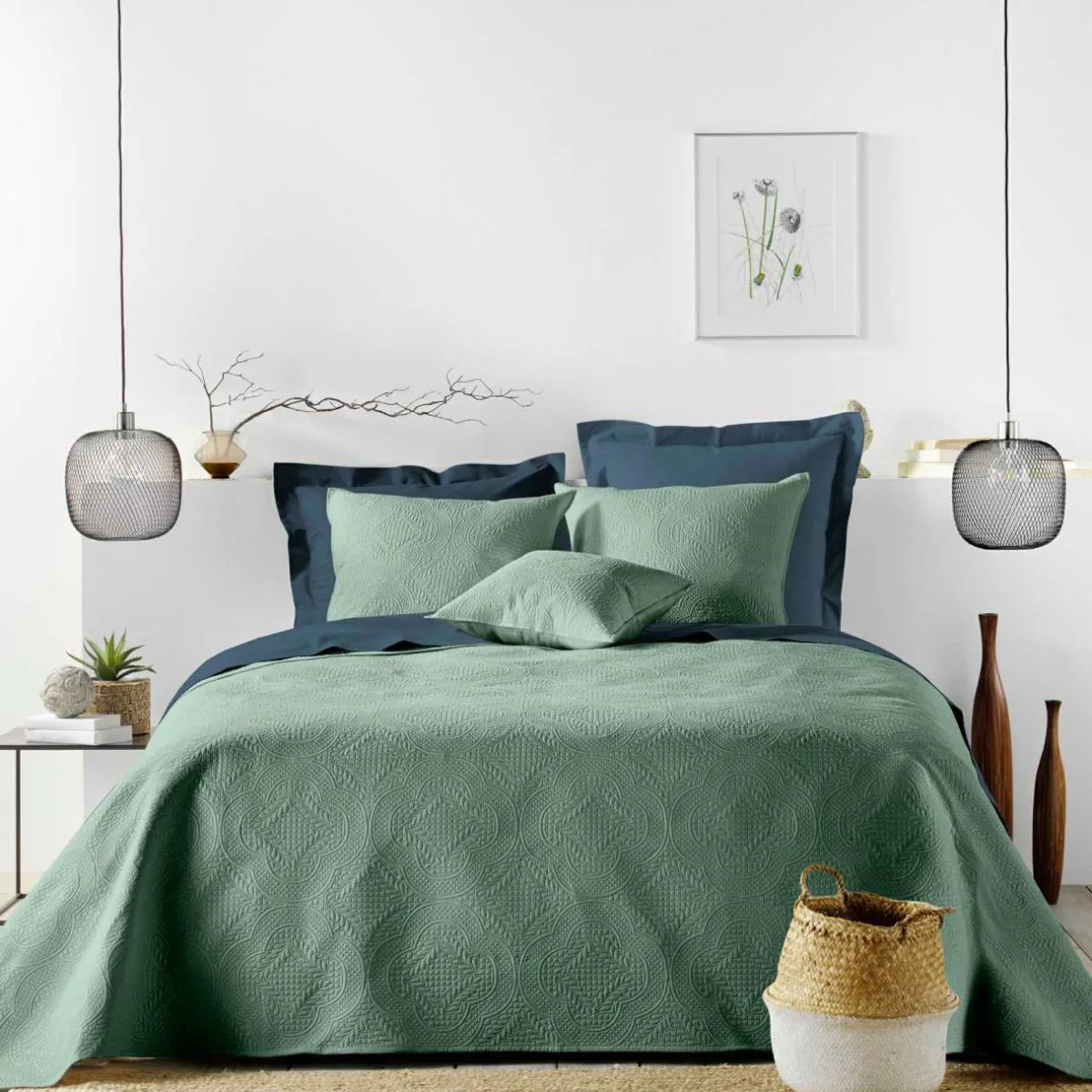 douceur d'intu017drieur Couvre-lit matelassé et deux taies d'oreiller (220 x 240 cm) Romane cédre Vert Hot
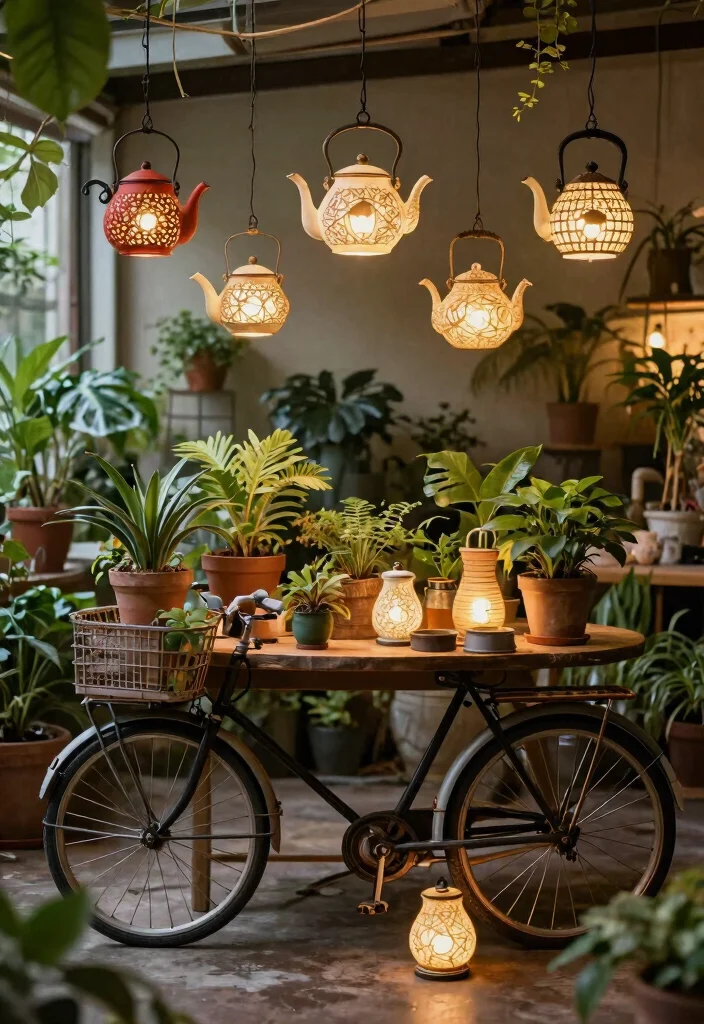12 Vintage Ceiling Lights That Don't Look Dated - 12. Quirky Repurposed Lights 1
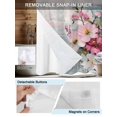 thumbnail image 3 of No Hook Cloth Fabric Shower Curtain with Snap in Liner, Spring Floral Waterproof Shower Curtains Set with See Through Top Window, Vintage Flowers Pastoral Retro Botanical Bath Curtains Shower 66"x72", 3 of 6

============

→ Task to carry out: Images in the data above are to be skipped. Retype all other material exactly.

→ Written solution:
 douceur d'intu017drieur Couvre-lit matelassé et deux taies d'oreiller (220 x 240 cm) Romane cédre Vert Hot
12 Vintage Ceiling Lights That Don't Look Dated - 12. Quirky Repurposed Lights 1
 thumbnail image 3 of No Hook Cloth Fabric Shower Curtain with Snap in Liner, Spring Floral Waterproof Shower Curtains Set with See Through Top Window, Vintage Flowers Pastoral Retro Botanical Bath Curtains Shower 66"x72", 3 of 6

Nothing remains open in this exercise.